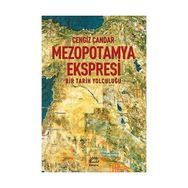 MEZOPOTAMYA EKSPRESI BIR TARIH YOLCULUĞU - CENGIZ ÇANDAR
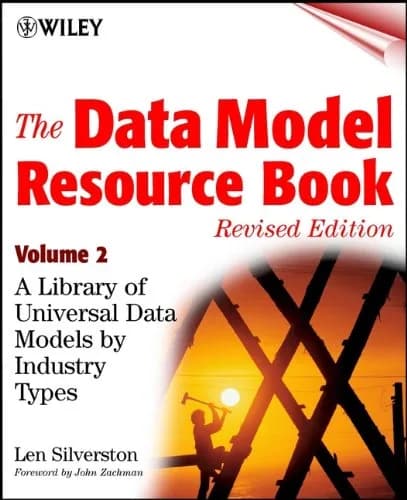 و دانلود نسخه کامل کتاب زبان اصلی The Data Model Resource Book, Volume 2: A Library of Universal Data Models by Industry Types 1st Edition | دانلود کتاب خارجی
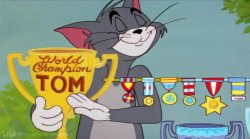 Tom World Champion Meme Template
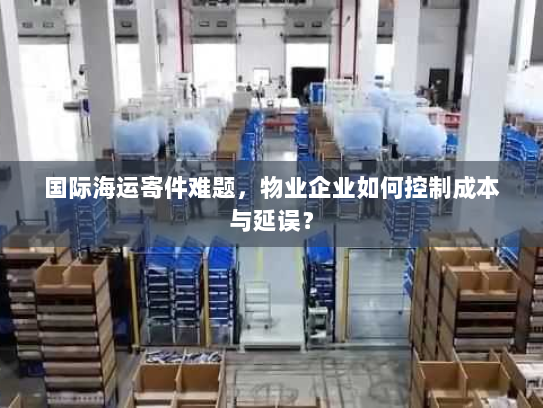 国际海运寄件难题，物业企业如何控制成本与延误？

#####

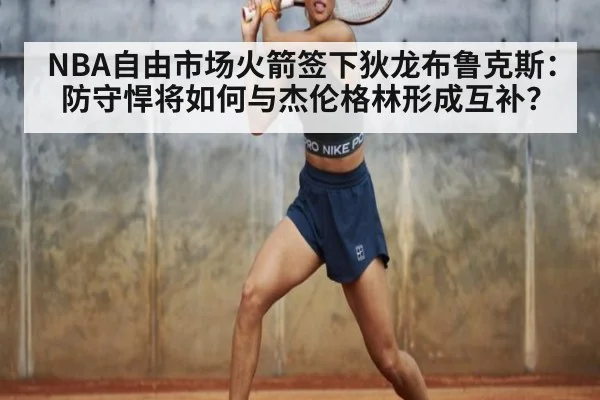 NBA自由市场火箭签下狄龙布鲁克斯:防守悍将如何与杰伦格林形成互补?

#####

→ EXERCISE AIM
Look above and copy only the lines from the one holding "Tom World Champion Meme Template" to the one holding "国际海运寄件难题，物业企业如何控制成本与延误？", both included, exactly, minus the pictures.

→ ANSWER TO THIS PROBLEM
 Tom World Champion Meme Template
 国际海运寄件难题，物业企业如何控制成本与延误？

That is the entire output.